Für die ersten Stunden reicht es , herumzuquietschen und sich ein G und A vom Lehrer abzugucken. Möchte den Doofmann sehen, der dann zu Hause nicht ein H heraus findet. Vielleicht untersucht er auch das Instrument und begreift so viel eher das Prinzip dessen, als wenn er die Töne vermittelnd über eine Liste lernt.
@saxclamus
Wie bist du so solcher m.E. passenderer Betrachtungsweise gekommen?
Ich stand glücklicher Weise immer ein wenig außerhalb des normalen Musikbetriebes und es mag sein, dass ich dadurch eine ganz gute Aussicht auf die kulturellen Entwicklungen in diesem Land hatte:
Die klassische Klarinettenausbildung musste ich abbrechen, weil ich sonst (nach Meinung meines Meisters) das Saxophonspiel hätte aufgeben müssen. Damit aber verdiente ich gerade mein Klarinettenstudium. Ja, absurd, aber letzt und endlich vielleicht ein Segen, säße ich jetzt doch wahrscheinlich in irgend einem Orchestergraben und sähe die Opernsänger von unten, lol. Was für Aussichten!
Ende der 70er habe ich Free Jazz gespielt und es war eine Befreiung nach all den Jahren eingeengter Notendudelei. Der Free Jazz in Deutschland war leider sehr dogmatisch und so orientierten wir uns eher an der kreativen holländischen Szene (Instant Composers Pool), denen es 'erlaubt' war, auch zusammenhängende Melodien in das freie Spiel einzubauen. In dieser Form fand ich die Bandbreite von Ausdrucksmöglichkeiten, die ich immer gesucht hatte.
In einer Unmenge an soziokulturellen, politischen, musiktheatralischen Projekten und vor allem in der Straßenmusik fanden wir in den 80ern zu der Form von Musiktheater, das wir heute machen.
Warum ich das alles schildere: Musik war für mich immer eingebunden in den gesellschaftlichen Prozess, keine l'art pour l'art, die man lehrte, lernte und auf Konzerten ausstellte, sondern Gebrauchskunst abseits des kommerziellen oder subventionierten Musikbetriebes.
Während dieser Arbeit beobachte ich natürlich den gesellschaftlichen Prozess und stelle mit Erschrecken fest, dass die Unterrichtsmethoden an Musikschulen im Grunde nach den gleichen Regeln ablaufen, wie vor 40 Jahren. Und dass, obwohl sich die kulturelle Landschaft inzwischen völlig verändert hat.

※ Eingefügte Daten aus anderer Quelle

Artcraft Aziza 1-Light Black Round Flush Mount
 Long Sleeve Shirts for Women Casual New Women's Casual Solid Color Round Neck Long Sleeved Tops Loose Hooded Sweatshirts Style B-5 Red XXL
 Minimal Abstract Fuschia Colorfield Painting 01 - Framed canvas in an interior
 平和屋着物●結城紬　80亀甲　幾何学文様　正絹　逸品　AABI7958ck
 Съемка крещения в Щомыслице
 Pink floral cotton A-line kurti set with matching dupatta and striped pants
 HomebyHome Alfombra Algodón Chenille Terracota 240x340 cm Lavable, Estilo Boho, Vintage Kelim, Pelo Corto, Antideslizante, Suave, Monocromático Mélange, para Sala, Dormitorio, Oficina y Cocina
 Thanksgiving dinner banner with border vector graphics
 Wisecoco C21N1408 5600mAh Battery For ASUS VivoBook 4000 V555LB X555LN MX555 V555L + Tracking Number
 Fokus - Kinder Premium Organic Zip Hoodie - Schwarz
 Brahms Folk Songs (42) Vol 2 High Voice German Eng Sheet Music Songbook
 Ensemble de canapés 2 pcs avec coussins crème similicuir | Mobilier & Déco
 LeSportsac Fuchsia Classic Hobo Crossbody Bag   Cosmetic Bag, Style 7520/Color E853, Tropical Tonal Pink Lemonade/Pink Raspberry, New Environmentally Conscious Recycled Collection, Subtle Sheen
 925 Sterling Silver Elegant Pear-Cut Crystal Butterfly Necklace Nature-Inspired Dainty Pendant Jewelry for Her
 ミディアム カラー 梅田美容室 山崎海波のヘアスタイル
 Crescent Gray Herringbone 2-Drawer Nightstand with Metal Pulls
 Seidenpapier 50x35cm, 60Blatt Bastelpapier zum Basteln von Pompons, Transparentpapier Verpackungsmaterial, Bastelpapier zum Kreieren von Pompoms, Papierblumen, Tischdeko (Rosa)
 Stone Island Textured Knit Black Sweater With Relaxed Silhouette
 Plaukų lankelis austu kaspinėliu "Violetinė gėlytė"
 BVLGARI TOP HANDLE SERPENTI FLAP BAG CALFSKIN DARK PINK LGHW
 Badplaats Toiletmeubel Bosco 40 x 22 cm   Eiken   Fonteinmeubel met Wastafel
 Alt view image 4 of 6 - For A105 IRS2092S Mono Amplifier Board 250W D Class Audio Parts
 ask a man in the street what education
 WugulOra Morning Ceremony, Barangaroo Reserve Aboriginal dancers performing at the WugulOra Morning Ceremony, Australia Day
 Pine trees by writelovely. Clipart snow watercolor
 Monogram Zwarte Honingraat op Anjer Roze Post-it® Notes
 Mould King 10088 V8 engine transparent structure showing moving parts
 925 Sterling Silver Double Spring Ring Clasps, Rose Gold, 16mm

Die klassischen Etüden sind bei 'fortschrittlichen' Lehrern durch Scales & Arpeggios ersetzt und man lernt jetzt Jazz! Aber es ist ein verschulter Jazz und das hört man ihm leider an. Es ist eine Musik, die von der gesellschaftlichen Situation losgelöst ist, in keinerlei gesamtgesellschaftlicher Tradition eingebunden (wie früher die klassische Musik auch).
Der 'fortschrittliche' Saxophonlehrer gibt heutzutage Unterricht in Jazz und das nach Methoden, wie er sie selbst vor 40 Jahren aus dem Klassikunterricht gelernt hat. Weder hat die Musik all zu viel Wurzeln in unserer Gesellschaft, noch haben die Methoden etwas mit der Musik gemein, was man unter anderem schon am Notenbild ablesen kann. Swing noch Bluenotes z.B. haben hier noch keinen Eingang gefunden.
Jazz ist zur neuen Kunstmusik geworden und stirbt seinen langsamen Tod in deutschen Schulzimmern. Lebendige, gesellschaftsbezogene, aktuelle Musikformen wie der Rap sind unter dem Niveau der geflissentlichen Pädagogen, wertvoll nur das, was kulturell hochstehend.
Die Musik und die Art und Weise, wie sie vermittelt wird, bedingen sich. So ist die notierte Orchestermusik die Musik eines hierarchischen Systems, Herrschaftsmusik, wie ich es nenne und sie wird dementsprechend gelehrt.
Ich plädiere für eine neue Volksmusik. Eine demokratische Musik und die fängt bei jedem selbst an. Und wie jede Volksmusik, so soll auch diese musikalisch tradiert werden, durch Abgucken, Nachspielen und Einbringen aktueller neuer Trends.
Sie wird in diesem Sinne gar nicht gelehrt, sondern durch erfahrene Musiker weitergegeben.
..so, ich hoffe, dass war jetzt nicht zu wirr auf die Schnelle. Die Zusammenhänge sind recht komplex und eine geradlinige Beantwortung deiner Frage somit kaum möglich.